**What is required**
Omitting all images, set down every line below exactly as it appears.

Short text fragments from websites:
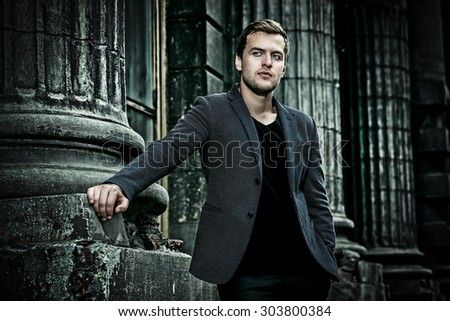 Handsome elegant man posing on a city street. Fashion shot. Business man outdoor.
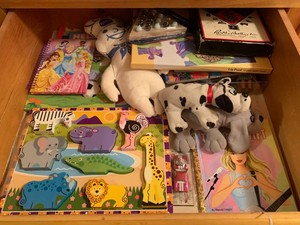 Kids toys, puzzles, stuffed animals, books, Monopoly game all in drawer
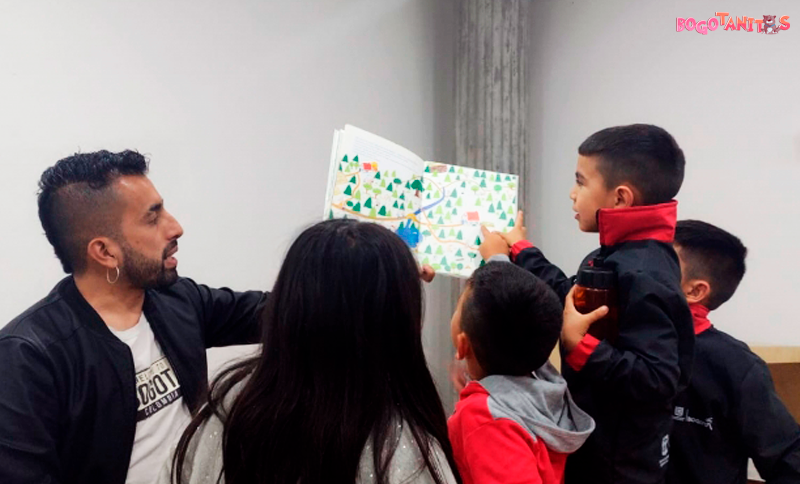 Adultos leyendo un libro a niños y niñas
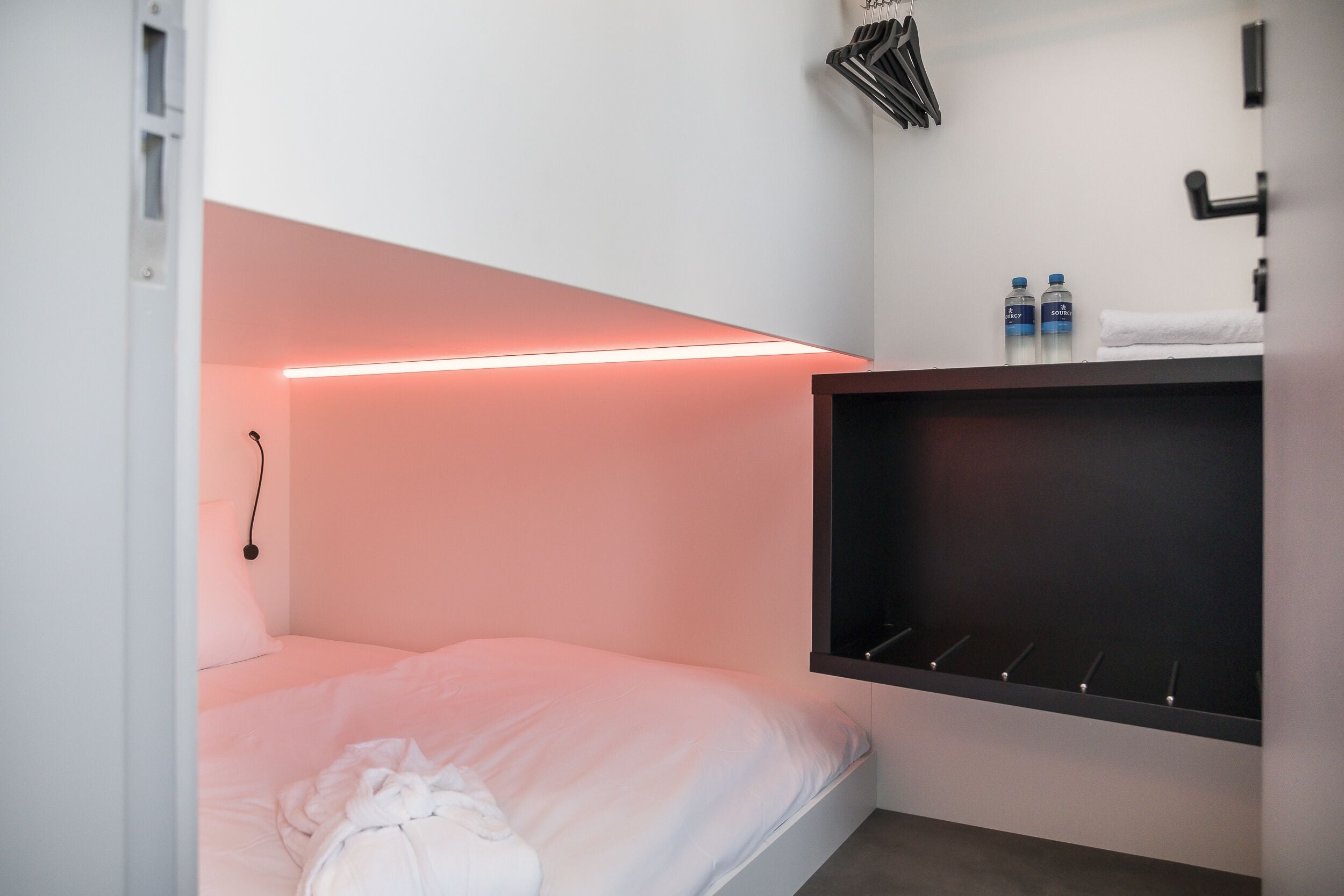 Une petite chambre à coucher moderne, avec un lit simple, une table de chevet, une étagère murale avec deux bouteilles et un porte-serviettes suspendu.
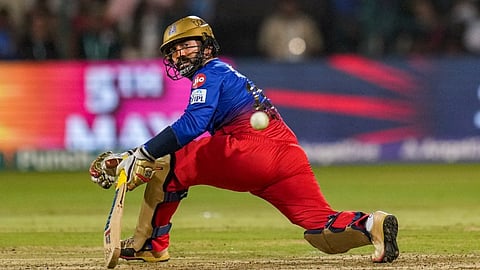 Royal Challengers Bengaluru batter Dinesh Karthik plays a shot during the Indian Premier League (IPL) 2024 cricket match between Royal Challengers Bengaluru and Chennai Super Kings, at M Chinnaswamy Stadium in Bengaluru, Saturday, May 18, 2024.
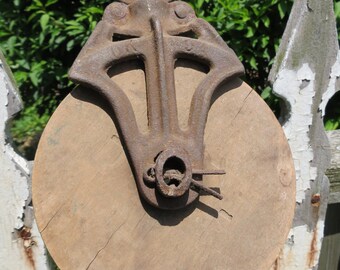 Vintage Cast Iron And Wood Pulley.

**Your response**
 Handsome elegant man posing on a city street. Fashion shot. Business man outdoor.
 Kids toys, puzzles, stuffed animals, books, Monopoly game all in drawer
 Adultos leyendo un libro a niños y niñas
 Une petite chambre à coucher moderne, avec un lit simple, une table de chevet, une étagère murale avec deux bouteilles et un porte-serviettes suspendu.
 Royal Challengers Bengaluru batter Dinesh Karthik plays a shot during the Indian Premier League (IPL) 2024 cricket match between Royal Challengers Bengaluru and Chennai Super Kings, at M Chinnaswamy Stadium in Bengaluru, Saturday, May 18, 2024.
 Vintage Cast Iron And Wood Pulley.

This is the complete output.